Closed tommasopozzetti closed 3 years ago
@raffaelespazzoli Thank you for the review!
I edited the docs to include this new feature.
Regarding your questions:
1) The initContainer is not strictly needed, but it helps avoiding a race condition that can lead to the keepalived container restarting a few times. The issue is that, with this new design, upon startup the config file does not exist in the keepalived container and it will not exist until the config-reloader does its first cycle to overwrite the interfaces and copy the config file. Even with tweaking the notify.sh script to perform an update cycle right at the start, I wasn't able to avoid keepalived panicking due to the missing configuration file a couple of times until it eventually gets copied and keepalived is able to start. The issue does eventually solve itself in a few seconds, but I thought it would be more elegant to avoid the restarts to begin with. Therefore, the initContainer basically takes care of the first setup cycle before any other container runs, to ensure that keepalived will start with its configurations available.
2) The setup
env variable might be a bit misleading in its name but it basically simply controls this behavior I just described, not really the interface overriding behavior. In the initContainer, the script needs to run the same cycle as the usual config-reloader to setup the configs and possibly override the interface name, but it only needs to do it once (no while true
loop) and it does not need to send a signal at the end of the cycle since no other process is listening yet. Therefore, the setup
env variable controls whether the script is launched in "setup" mode (one-shot without signal sending) or in the usual infinite loop mode (hence why it is true in the initContainer and false in the sidecar).

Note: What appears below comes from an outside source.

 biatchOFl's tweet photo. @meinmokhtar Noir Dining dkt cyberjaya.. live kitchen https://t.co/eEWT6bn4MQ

3) In case the IP in the CR changes, the template will need to be reevaluated and the pod spec will differ since the env variable reachip
will change. Therefore, the keepalived pods will be updated with the new IP and, upon restart, they will have the correct interfaces based on the new IP.

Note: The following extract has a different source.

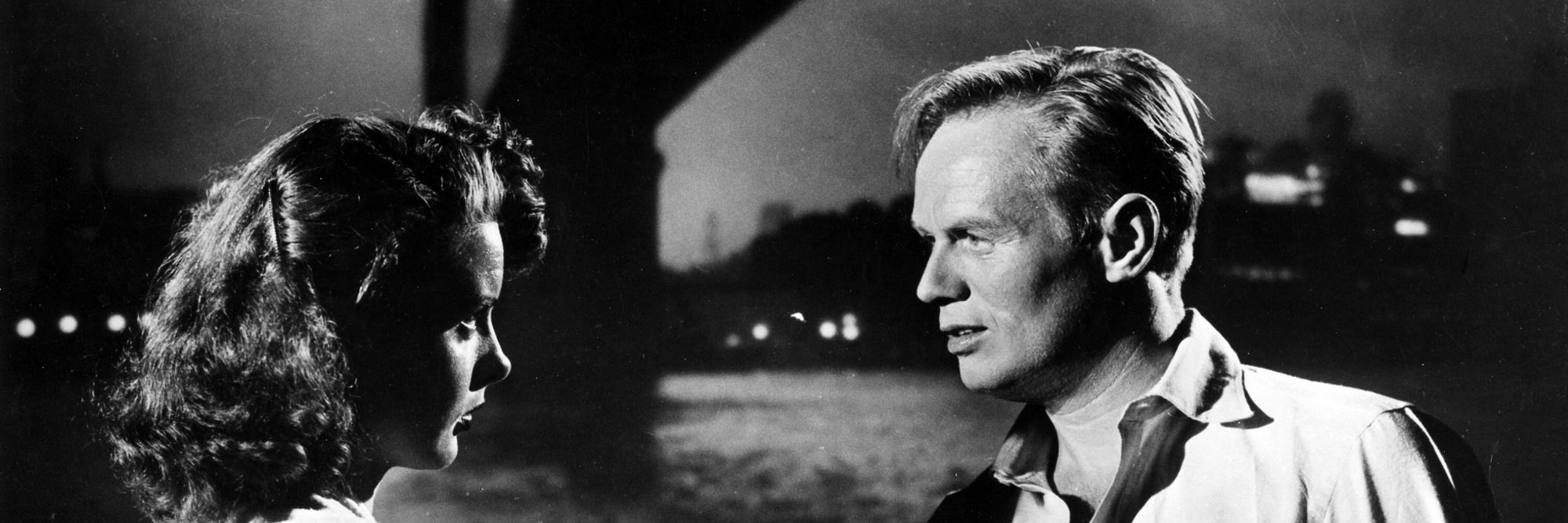 Pickup on South Street. 1953. USA. Directed by Samuel Fuller. Courtesy 20th Century Fox/Photofest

@raffaelespazzoli I should have included all the requested changes. Let me know if it looks good now
Regarding the set -o nounset
question, I don't believe it should interfere, since the function is only called after the set
directive, it should still benefit from checking for undefined variables (and my tests seemed to confirm this). However, I am also a bit rusty on bash so I'm not 100% sure.
hang on, this is going to be tested in the next few days.

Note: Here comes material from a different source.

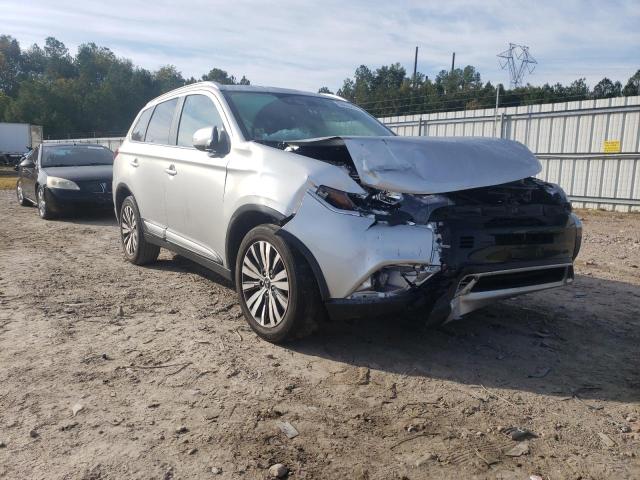 MITSUBISHI OUTLANDER 2020 with VIN JA4AZ3A31LZ017887 - Photo from auction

Sorry for the delay on a review @tommasopozzetti
I am testing your branch now and it appears all pods are hanging in init
:
keepalivedgroup-test-5dfr6 0/3 Init:0/1 0 12m
keepalivedgroup-test-7mg8w 0/3 Init:0/1 0 12m
keepalivedgroup-test-master-4nbvp 0/3 Init:0/1 0 12m
keepalivedgroup-test-master-986gt 0/3 Init:0/1 0 12m
keepalivedgroup-test-master-lbxpc 0/3 Init:0/1 0 12m
I am attempting to test this feature and am unable to, here is my keepalivedgroup:
apiVersion: redhatcop.redhat.io/v1alpha1
kind: KeepalivedGroup
metadata:
name: keepalivedgroup-test
spec:
interface: foo
interfaceFromIP: 10.0.140.4
nodeSelector:
node-role.kubernetes.io/worker: ""
In addition, I have another keepalivedgroup scheduled for another set of nodes, this group using a standard configuration:
apiVersion: redhatcop.redhat.io/v1alpha1
kind: KeepalivedGroup
metadata:
name: keepalivedgroup-test-master
spec:
interface: ens5
nodeSelector:
node-role.kubernetes.io/master: ""
I am unable to pull any logs from the initContainer. This is on Openshift 4.6, do you know what might be causing this behavior?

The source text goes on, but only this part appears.